Paola est la seule personne sur terre qui a le droit de me donner des ordres. Je ne sais pas quand je le lui ai donné, ou si c’est elle qui l’a pris, mais elle est la seule que je ne rembarre jamais. Elle sait être ferme, me canaliser sans jamais m’entraver. Alors, j’écarte mes pieds au sol afin de me stabiliser un peu. Je sais ce qu’elle va me demander. Je me concentre sur ses longs cheveux noirs qui encadrent son visage mat, sur ses yeux en amande derrière ses lunettes rondes et dorées, et je commence à souffler, tout doucement. Je la laisse me guider sur ce que je vais faire à partir de maintenant. Je déteste qu’on me dise ce que je dois faire, sauf quand c’est Paola. Elle a cette façon d’énumérer des trucs simples, évidents, qui me rassurent quand je pars en vrille.

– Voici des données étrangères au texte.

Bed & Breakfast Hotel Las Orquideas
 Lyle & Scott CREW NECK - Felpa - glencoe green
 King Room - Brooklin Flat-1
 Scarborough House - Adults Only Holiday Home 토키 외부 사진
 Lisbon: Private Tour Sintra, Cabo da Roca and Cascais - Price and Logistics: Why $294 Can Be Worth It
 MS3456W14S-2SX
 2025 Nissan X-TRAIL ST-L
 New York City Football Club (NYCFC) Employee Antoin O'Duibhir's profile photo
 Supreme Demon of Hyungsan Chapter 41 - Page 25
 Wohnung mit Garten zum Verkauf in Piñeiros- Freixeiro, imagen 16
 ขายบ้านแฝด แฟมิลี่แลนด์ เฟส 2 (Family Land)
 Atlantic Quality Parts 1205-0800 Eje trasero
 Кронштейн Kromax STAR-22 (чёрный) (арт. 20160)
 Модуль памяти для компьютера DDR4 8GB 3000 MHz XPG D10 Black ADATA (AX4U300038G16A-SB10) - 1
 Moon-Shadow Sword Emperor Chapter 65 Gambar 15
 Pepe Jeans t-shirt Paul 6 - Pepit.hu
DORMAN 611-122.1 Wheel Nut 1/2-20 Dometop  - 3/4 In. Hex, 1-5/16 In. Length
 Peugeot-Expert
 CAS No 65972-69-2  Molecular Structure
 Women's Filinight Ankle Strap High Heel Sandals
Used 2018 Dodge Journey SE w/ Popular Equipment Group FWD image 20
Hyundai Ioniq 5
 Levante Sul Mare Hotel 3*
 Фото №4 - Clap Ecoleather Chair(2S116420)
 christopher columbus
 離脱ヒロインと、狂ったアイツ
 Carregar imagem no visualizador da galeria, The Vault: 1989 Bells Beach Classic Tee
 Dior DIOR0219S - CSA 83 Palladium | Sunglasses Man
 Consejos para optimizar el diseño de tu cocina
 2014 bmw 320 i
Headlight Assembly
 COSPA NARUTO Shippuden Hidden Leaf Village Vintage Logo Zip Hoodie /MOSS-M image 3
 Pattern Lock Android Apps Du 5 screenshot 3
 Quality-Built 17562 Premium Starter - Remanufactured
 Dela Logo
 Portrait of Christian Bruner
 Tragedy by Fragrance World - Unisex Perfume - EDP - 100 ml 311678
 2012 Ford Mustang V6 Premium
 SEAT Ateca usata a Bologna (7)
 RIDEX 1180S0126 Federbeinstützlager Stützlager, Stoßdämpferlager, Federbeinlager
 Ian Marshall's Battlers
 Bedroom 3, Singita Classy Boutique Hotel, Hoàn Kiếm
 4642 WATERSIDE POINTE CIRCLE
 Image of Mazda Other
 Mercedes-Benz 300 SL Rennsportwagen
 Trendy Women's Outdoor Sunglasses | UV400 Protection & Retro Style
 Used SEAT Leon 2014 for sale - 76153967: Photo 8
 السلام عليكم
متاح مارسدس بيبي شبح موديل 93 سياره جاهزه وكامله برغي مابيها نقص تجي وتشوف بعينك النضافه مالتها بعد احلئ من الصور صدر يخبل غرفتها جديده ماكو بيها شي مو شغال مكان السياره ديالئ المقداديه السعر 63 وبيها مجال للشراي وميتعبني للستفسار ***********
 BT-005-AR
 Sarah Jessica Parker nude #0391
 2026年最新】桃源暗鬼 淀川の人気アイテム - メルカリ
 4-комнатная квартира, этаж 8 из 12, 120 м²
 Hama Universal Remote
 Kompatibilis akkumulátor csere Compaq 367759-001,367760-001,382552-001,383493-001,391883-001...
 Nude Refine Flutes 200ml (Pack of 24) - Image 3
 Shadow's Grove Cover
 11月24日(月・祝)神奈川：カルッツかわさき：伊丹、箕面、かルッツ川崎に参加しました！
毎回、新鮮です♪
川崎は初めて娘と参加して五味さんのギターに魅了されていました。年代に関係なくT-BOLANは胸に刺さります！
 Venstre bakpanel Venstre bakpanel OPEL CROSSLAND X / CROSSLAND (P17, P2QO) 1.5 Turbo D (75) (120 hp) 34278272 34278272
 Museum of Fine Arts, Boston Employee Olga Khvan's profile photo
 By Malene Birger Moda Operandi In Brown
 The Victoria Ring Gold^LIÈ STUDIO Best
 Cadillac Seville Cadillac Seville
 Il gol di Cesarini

— Tu vas étaler ta crème, déjà, parce que tu ressembles à une tarte meringuée.
— J’ai été radine sur la meringue, je grogne en me massant le visage pour laisser la crème pénétrer.
— Ensuite, tu vas lire ce bouquin « Réfléchissez et devenez riche » que t’as acheté. Ton objectif est de devenir plus riche que Spritz, tu te souviens ?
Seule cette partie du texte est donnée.